We use [**zvec**](https://github.com/alibaba/zvec), a lightweight, high-performance vector database maintained by Alibaba. `zvec` is embedded directly into the Python process, eliminating the need to set up or run external vector servers (like Pinecone, Milvus, or Qdrant).

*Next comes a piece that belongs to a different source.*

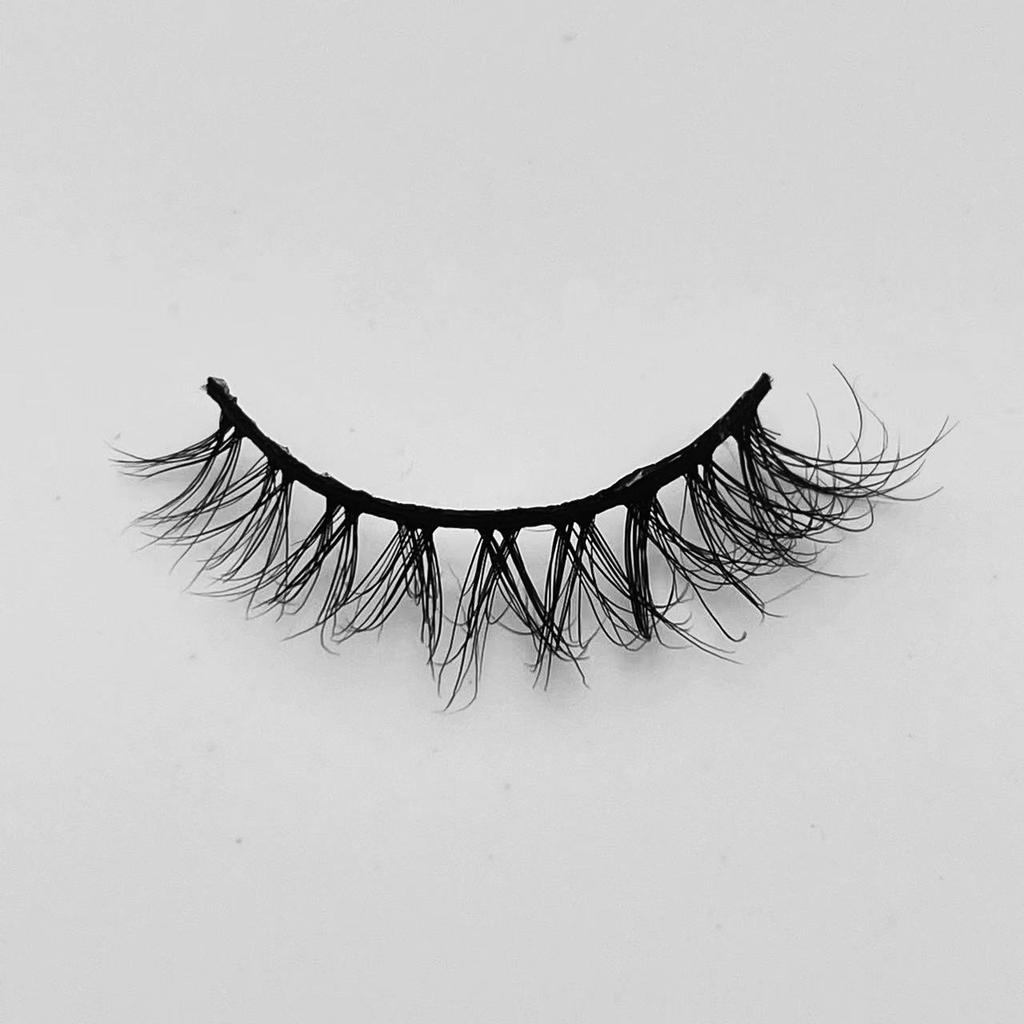 New Product 12mm Natural Mink Hair False Eyelashes European And American Eyelashes Hard Stem Short Eyelashes False Eyelashes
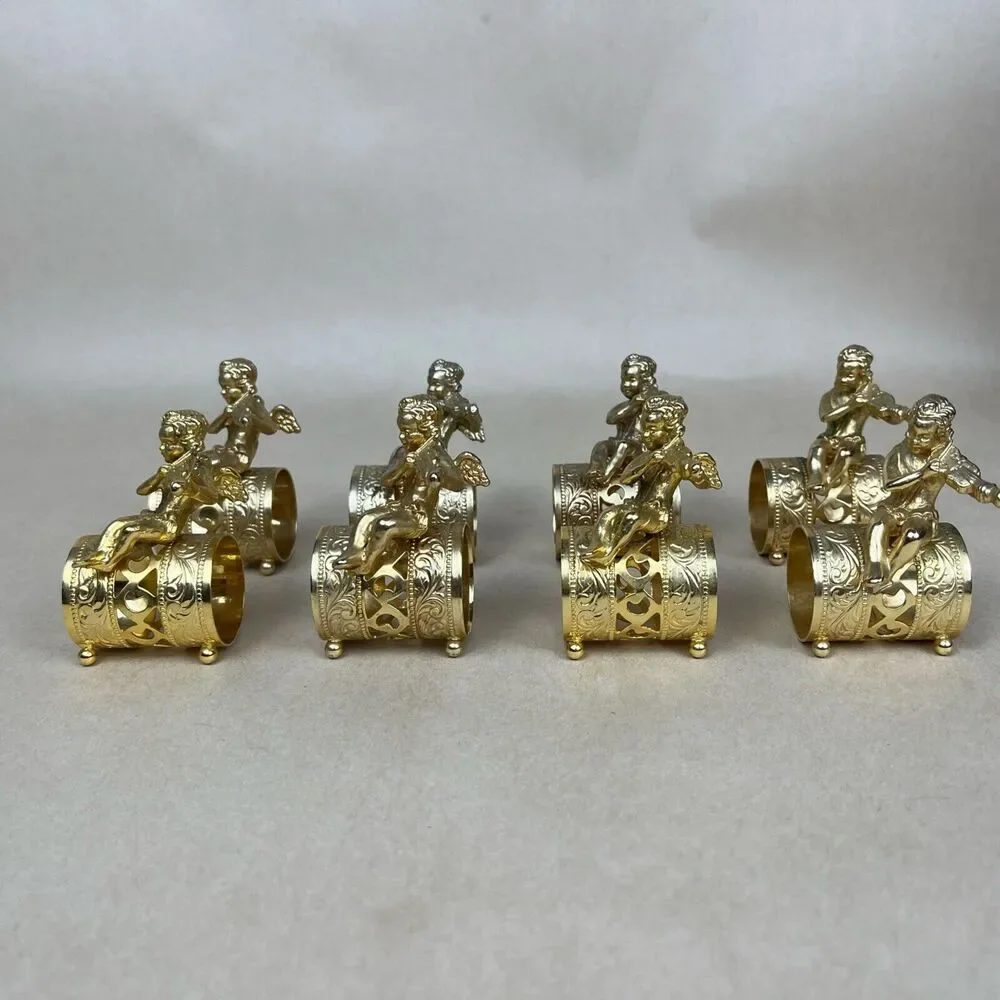 VTG 8pc Gold Tone Metal Angel Playing‎ Violin Filigree Napkin Ring Holder Signed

Combined with `FastEmbed`, this allows Source-MCP to build the entire semantic search pipeline **fully offline**, quickly, and entirely on your local machine.

## 🚀 Installation & Setup

1. **Prerequisites:** Ensure you have Python 3.10+ and [`uv`](https://github.com/astral-sh/uv) installed.
2. **Clone the repository:**

   ```bash
   git clone https://github.com/AlexShimmy/source-mcp.git
   cd source-mcp
   ```

3. **Install Dependencies:**

   ```bash
   # uv will automatically handle virtual environment creation and dependencies
   uv sync
   ```

## ⚙️ Configuration

Create a `.env` file in the root directory (you can copy `.env.example` if available).

```bash
# Choose your provider: "openai" or "fastembed"
EMBEDDING_PROVIDER=openai

# Required ONLY if using OpenAI
# Required ONLY if using OpenAI
OPENAI_API_KEY=sk-your-openai-api-key

# Optional: Path to store the vector database (Defaults to `.source-mcp/zvec_db` in the index dir)
ZVEC_PATH=./zvec_db

# Optional: Which directory to index (Defaults to current directory)
SOURCE_MCP_INDEX_DIR=/path/to/your/project

# Optional: Port for the Web Dashboard (Defaults to 8000)
WEB_PORT=8000
```

## 🖱️ Usage

### Running Manually (Terminal & Dashboard)

To start the MCP server manually and access the web dashboard:

```bash
uv run python -m src.main --path .
```

- The **MCP protocol** will listen on `stdio`.
- The **Web Dashboard** will be available at [http://localhost:8000](http://localhost:8000).

### 🔌 MCP Configuration

The config is the same for all clients (Claude Desktop, Cursor, VS Code / Cline, etc.):

```json
{
  "mcpServers": {
    "source-mcp": {
      "command": "uv",
      "args": ["--directory", "/absolute/path/to/source-mcp", "run", "python", "-m", "src.main"]
    }
  }
}
```

All other settings (such as `SOURCE_MCP_INDEX_DIR`, `EMBEDDING_PROVIDER` or `OPENAI_API_KEY`) should be configured via the `.env` file in the root directory of Source-MCP.

## 🧪 Testing

The project uses `pytest` for unit and end-to-end tests. To run the test suite:

```bash
uv run python -m pytest tests/ -v
```

## 📜 License

This project is licensed under the MIT License - see the LICENSE file for details.